Information supplied:
───

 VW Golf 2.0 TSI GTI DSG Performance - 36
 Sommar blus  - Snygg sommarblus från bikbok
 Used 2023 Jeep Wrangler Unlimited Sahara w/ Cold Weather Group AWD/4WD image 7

───

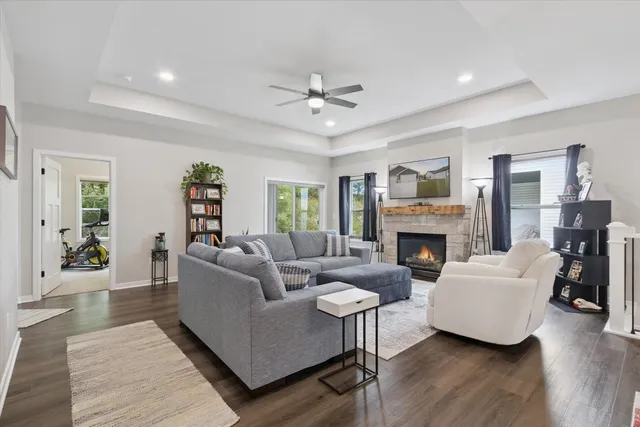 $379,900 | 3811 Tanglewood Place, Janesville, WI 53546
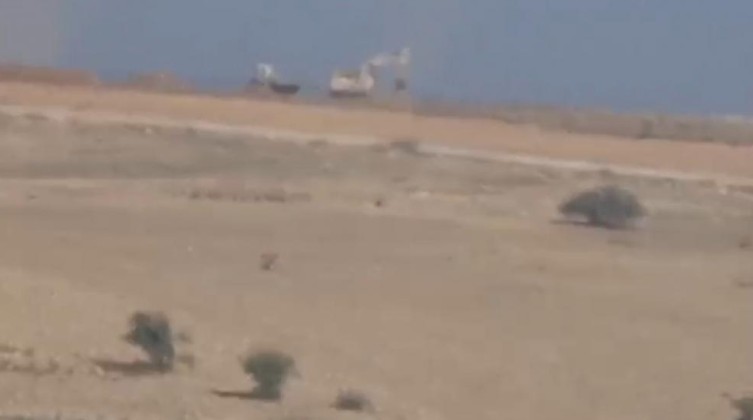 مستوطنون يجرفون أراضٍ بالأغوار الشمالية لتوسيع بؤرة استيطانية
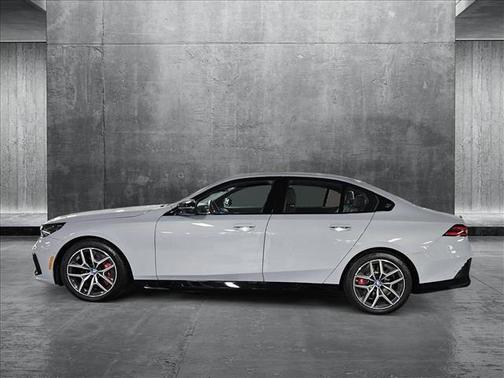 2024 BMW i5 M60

───

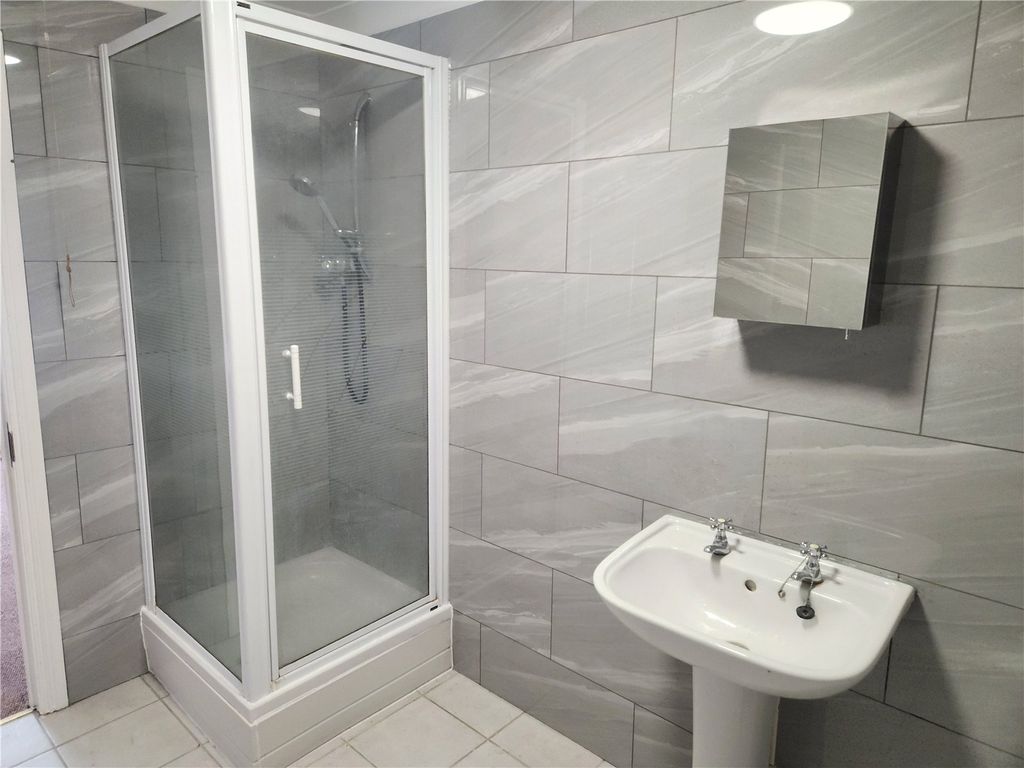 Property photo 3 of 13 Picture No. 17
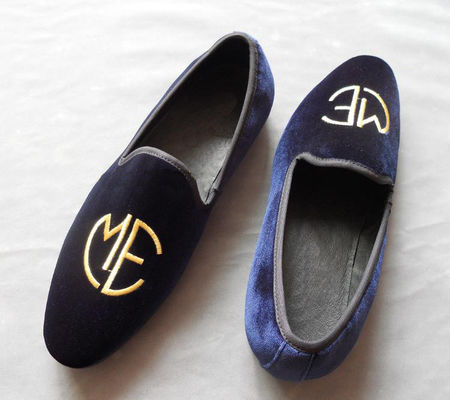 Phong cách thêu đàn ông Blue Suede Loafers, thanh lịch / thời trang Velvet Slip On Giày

───

What the exercise asks: Starting with the line above that holds "مستوطنون يجرفون أراضٍ", restate each line word for word up to and including the line that holds "2024 BMW i5 M60". Drop the pictures.

Reply to the task:
 مستوطنون يجرفون أراضٍ بالأغوار الشمالية لتوسيع بؤرة استيطانية
 2024 BMW i5 M60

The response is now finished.